__WORK TASK__
Look in the material below for the line with "24年　伸銅品生産、前年並み64万トン　銅管などが増加" and the line with "1997～2006年網際網路使用人口占比", then set down exactly those two lines and all lines between, nothing more.

__AVAILABLE RECORDS__
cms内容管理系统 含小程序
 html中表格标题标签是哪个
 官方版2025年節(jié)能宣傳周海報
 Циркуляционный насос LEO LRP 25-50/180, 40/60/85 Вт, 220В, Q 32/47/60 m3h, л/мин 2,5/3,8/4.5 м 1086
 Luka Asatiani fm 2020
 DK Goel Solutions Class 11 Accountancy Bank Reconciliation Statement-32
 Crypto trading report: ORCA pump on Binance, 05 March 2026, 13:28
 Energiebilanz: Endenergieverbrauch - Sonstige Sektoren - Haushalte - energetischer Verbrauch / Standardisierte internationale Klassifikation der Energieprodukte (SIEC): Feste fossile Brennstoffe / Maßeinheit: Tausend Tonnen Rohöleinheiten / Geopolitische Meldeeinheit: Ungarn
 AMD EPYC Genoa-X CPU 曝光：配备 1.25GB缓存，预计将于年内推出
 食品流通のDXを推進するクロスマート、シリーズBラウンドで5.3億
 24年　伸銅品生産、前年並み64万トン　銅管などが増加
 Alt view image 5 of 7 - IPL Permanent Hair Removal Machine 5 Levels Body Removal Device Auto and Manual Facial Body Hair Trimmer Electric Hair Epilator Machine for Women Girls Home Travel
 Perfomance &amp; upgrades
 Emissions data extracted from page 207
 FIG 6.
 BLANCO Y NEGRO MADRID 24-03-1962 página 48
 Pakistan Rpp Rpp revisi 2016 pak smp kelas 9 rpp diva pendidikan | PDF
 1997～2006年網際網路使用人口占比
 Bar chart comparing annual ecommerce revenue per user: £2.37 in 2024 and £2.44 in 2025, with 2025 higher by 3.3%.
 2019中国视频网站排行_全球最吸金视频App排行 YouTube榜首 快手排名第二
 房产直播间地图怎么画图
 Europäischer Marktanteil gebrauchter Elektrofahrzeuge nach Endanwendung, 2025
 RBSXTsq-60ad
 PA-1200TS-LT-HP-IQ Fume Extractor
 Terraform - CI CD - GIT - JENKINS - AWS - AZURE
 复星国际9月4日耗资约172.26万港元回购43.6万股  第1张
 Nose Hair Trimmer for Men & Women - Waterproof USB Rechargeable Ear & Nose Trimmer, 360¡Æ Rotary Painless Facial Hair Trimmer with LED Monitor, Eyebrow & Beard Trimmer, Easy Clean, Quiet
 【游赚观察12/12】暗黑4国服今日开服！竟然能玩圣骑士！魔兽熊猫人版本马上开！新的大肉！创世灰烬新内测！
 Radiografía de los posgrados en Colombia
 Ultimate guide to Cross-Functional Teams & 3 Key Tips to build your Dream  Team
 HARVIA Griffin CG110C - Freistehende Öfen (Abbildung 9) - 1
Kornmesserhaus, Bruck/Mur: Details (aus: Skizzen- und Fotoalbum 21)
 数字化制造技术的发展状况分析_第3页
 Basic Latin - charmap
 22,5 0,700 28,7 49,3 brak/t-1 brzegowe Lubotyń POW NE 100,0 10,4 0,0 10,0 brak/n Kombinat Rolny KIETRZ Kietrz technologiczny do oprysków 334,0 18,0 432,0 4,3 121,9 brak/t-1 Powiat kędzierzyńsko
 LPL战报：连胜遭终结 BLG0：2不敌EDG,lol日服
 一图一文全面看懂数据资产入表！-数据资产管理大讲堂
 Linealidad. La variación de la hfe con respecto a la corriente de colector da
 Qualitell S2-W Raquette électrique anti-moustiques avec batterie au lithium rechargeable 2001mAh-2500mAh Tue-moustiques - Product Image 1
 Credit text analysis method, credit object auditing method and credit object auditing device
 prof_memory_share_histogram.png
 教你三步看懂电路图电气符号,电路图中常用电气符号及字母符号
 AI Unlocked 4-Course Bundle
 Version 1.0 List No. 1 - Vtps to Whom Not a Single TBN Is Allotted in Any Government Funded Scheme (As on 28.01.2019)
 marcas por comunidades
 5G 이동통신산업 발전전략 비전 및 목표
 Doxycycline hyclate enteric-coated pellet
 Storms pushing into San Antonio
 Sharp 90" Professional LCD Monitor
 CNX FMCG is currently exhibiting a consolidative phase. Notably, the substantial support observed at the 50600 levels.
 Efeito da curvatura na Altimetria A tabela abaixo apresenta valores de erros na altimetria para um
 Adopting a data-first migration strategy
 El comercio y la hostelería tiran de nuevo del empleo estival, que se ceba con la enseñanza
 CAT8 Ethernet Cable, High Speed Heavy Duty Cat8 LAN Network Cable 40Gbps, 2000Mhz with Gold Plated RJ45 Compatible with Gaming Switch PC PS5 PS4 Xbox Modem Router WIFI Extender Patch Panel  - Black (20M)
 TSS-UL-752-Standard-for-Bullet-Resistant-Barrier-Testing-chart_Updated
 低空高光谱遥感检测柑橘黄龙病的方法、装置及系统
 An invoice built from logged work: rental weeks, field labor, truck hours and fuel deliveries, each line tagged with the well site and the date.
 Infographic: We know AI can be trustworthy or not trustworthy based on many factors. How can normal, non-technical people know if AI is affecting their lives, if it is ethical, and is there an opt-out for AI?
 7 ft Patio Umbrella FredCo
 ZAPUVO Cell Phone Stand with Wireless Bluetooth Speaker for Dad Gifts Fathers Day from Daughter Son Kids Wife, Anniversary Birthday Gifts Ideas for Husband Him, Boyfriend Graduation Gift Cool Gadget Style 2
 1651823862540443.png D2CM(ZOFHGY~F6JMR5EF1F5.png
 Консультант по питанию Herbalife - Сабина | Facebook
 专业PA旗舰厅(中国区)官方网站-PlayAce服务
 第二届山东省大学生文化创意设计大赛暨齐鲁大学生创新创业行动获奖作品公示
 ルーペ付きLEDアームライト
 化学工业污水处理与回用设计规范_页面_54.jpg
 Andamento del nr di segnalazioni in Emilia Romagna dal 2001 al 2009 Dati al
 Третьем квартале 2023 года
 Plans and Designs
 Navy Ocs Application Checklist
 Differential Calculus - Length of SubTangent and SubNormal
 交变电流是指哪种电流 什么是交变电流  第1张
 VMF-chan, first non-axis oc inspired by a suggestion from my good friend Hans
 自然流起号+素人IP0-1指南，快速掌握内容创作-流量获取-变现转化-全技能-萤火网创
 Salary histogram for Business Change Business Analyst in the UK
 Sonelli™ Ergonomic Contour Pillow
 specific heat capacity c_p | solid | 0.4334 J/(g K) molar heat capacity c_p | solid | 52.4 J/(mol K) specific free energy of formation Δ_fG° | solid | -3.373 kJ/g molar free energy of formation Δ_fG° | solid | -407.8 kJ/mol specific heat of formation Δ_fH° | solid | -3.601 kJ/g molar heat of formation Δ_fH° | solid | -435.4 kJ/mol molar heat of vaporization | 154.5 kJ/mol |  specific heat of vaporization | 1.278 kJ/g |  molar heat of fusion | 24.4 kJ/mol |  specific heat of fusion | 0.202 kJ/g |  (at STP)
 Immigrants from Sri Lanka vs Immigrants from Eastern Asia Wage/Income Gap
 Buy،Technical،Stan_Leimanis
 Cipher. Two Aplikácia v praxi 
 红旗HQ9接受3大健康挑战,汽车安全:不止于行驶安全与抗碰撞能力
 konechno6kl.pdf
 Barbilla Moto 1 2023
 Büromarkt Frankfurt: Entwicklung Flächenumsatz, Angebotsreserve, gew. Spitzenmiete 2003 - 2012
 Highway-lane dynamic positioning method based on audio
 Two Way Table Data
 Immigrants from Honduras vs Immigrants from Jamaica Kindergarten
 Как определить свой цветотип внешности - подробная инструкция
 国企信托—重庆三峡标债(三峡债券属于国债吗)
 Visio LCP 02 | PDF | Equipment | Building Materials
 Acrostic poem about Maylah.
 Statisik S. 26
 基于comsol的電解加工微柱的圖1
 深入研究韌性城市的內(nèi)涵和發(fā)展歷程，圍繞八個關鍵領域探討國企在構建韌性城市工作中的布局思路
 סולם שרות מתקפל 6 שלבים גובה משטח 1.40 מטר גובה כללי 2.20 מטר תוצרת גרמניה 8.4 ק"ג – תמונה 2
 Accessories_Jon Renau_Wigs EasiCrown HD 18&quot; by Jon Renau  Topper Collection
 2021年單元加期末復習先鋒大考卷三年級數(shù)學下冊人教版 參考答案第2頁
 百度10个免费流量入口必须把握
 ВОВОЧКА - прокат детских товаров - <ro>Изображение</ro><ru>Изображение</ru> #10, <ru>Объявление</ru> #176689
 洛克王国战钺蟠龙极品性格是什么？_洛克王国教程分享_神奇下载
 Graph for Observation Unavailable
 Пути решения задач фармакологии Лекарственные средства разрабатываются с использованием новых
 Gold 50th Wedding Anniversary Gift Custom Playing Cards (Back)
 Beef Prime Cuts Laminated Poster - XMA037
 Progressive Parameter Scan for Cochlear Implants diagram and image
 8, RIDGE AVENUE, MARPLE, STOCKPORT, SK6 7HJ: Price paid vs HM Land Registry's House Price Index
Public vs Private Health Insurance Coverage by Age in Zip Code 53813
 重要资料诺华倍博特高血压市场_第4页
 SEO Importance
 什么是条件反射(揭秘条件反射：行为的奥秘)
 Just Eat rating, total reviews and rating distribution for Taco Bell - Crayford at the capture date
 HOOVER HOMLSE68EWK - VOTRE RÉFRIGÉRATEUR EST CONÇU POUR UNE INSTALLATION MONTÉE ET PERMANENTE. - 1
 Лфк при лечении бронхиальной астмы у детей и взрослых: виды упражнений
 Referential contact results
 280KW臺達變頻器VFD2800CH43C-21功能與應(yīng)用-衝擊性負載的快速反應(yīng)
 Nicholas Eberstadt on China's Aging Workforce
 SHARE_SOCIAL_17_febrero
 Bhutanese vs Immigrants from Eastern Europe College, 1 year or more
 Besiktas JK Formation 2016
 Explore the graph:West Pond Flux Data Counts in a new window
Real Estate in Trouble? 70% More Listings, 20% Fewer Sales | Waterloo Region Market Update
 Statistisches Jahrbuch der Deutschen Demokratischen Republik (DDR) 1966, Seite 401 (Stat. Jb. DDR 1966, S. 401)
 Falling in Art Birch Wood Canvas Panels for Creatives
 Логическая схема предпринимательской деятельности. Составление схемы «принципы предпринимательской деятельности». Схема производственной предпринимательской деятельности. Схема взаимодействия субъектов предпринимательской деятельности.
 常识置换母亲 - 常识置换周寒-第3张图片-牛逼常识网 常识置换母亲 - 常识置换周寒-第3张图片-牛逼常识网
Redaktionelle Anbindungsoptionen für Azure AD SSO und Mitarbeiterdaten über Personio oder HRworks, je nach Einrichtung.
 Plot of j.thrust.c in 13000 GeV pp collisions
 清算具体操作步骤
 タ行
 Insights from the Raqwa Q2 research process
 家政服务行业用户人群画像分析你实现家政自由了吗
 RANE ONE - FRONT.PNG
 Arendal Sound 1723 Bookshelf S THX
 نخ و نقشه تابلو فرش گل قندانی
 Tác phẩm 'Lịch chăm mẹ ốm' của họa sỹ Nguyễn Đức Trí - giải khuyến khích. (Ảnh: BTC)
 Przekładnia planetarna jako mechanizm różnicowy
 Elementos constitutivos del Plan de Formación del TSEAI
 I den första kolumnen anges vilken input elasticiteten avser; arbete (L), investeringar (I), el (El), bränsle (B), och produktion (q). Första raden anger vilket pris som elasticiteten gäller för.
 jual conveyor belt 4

__SOLUTION TO THIS EXERCISE__
 24年　伸銅品生産、前年並み64万トン　銅管などが増加
 Alt view image 5 of 7 - IPL Permanent Hair Removal Machine 5 Levels Body Removal Device Auto and Manual Facial Body Hair Trimmer Electric Hair Epilator Machine for Women Girls Home Travel
 Perfomance &amp; upgrades
 Emissions data extracted from page 207
 FIG 6.
 BLANCO Y NEGRO MADRID 24-03-1962 página 48
 Pakistan Rpp Rpp revisi 2016 pak smp kelas 9 rpp diva pendidikan | PDF
 1997～2006年網際網路使用人口占比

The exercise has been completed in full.